» Stored data entries

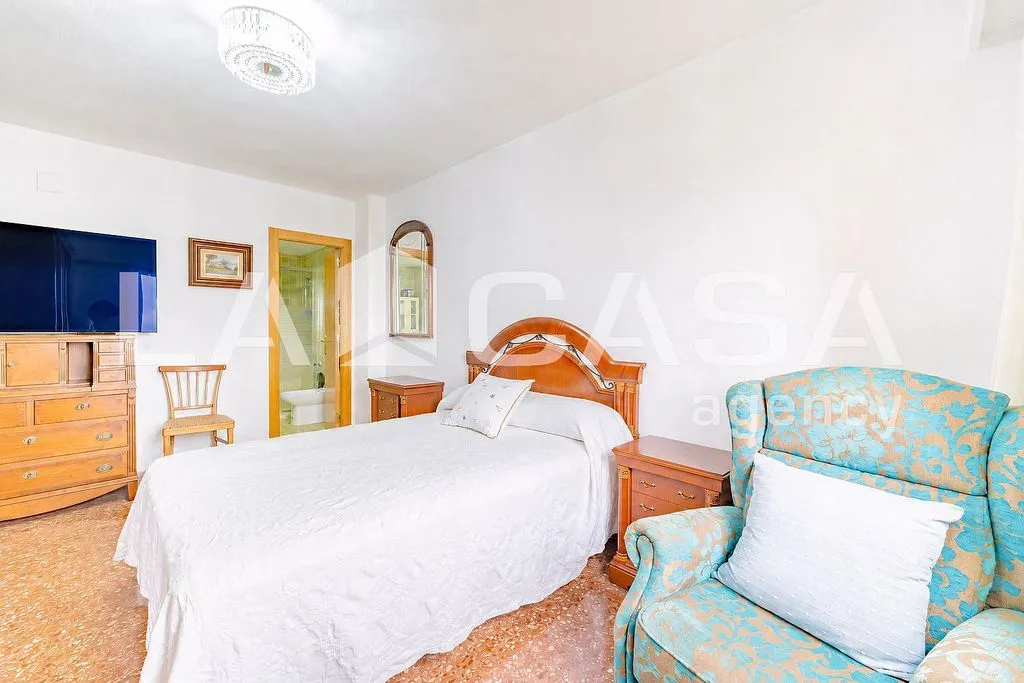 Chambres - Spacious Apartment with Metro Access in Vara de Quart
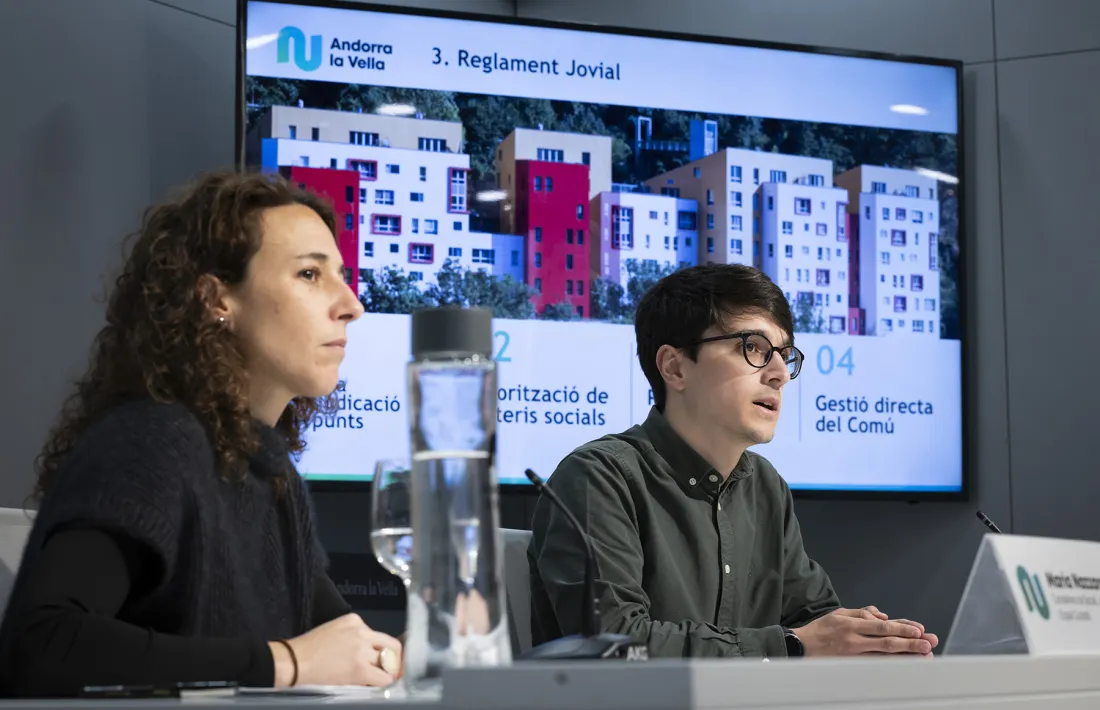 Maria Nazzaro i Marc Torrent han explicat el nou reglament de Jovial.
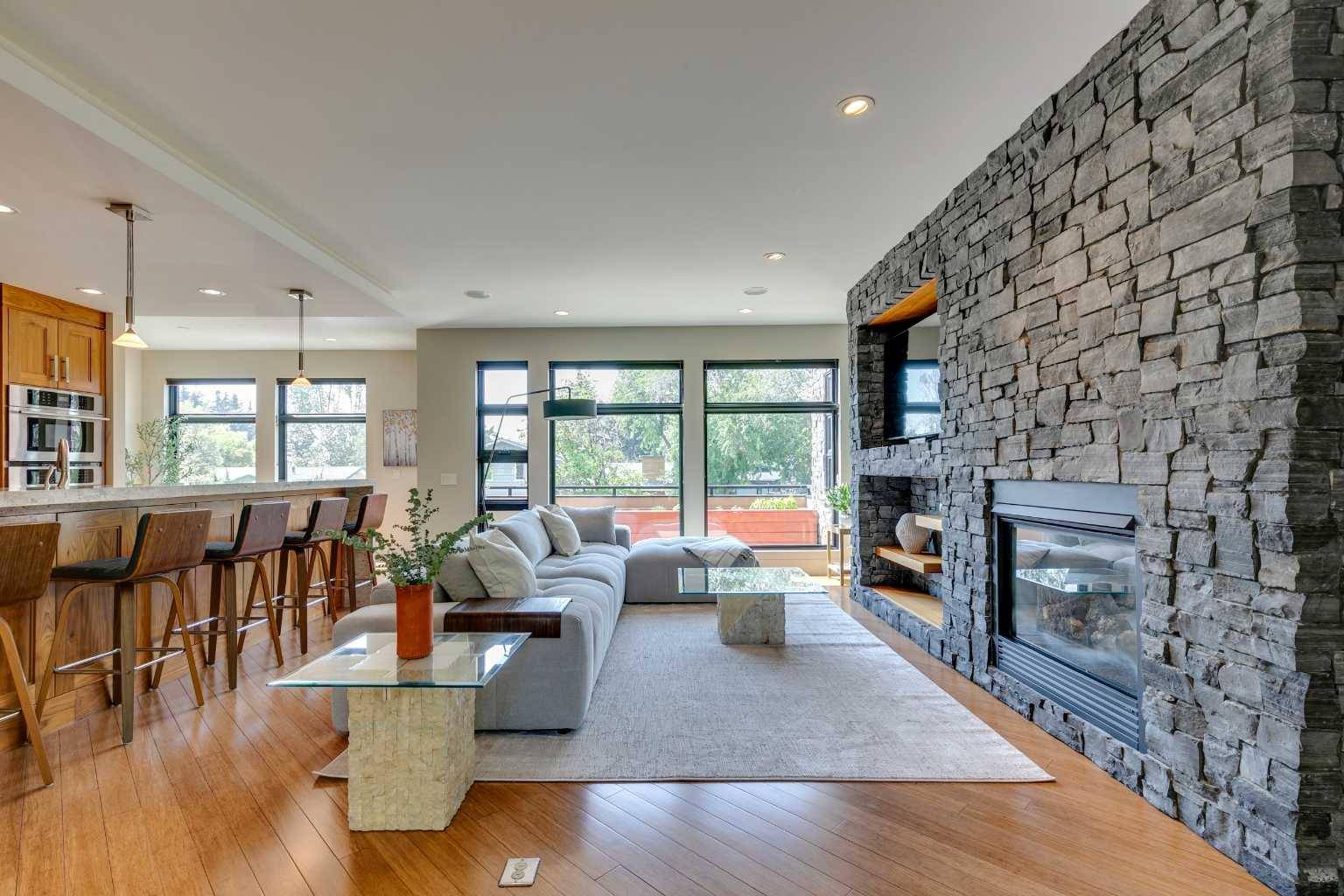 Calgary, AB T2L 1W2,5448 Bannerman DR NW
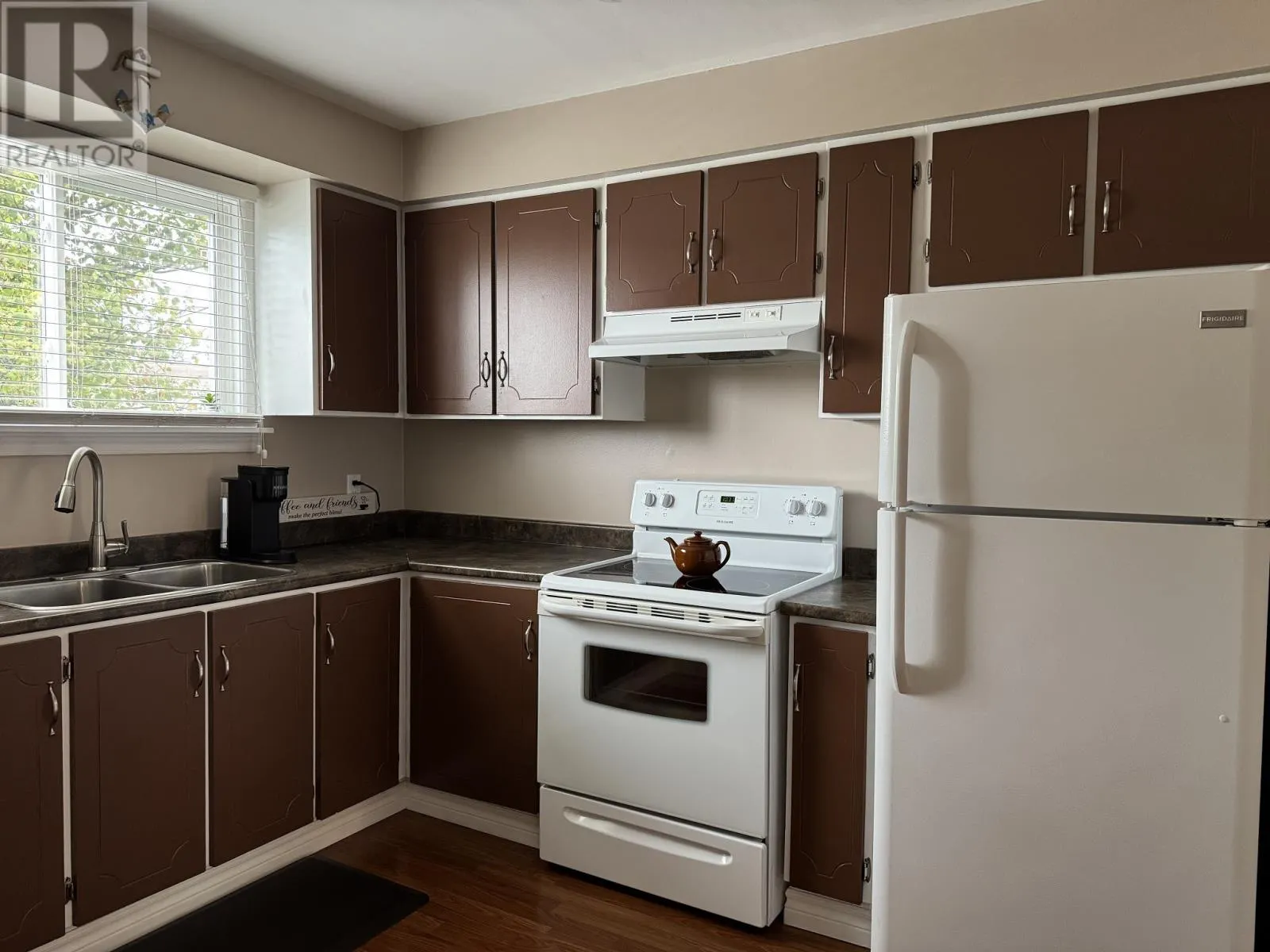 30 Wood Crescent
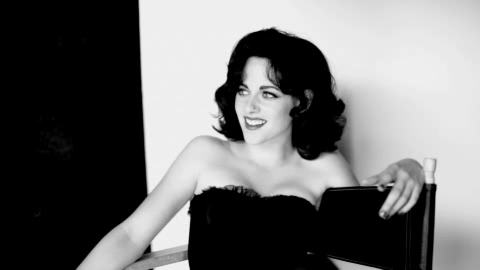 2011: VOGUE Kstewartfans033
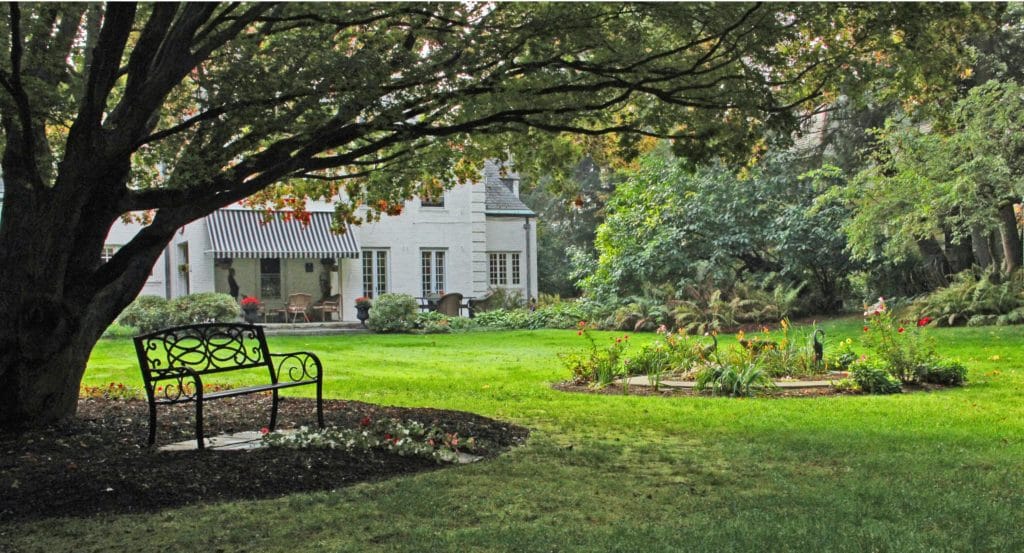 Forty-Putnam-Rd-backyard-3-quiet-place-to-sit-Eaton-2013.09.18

» ASSIGNMENT
The data is to be restated word for word, with any pictures set aside.

» WRITTEN SOLUTION
 Chambres - Spacious Apartment with Metro Access in Vara de Quart
 Maria Nazzaro i Marc Torrent han explicat el nou reglament de Jovial.
 Calgary, AB T2L 1W2,5448 Bannerman DR NW
 30 Wood Crescent
 2011: VOGUE Kstewartfans033
 Forty-Putnam-Rd-backyard-3-quiet-place-to-sit-Eaton-2013.09.18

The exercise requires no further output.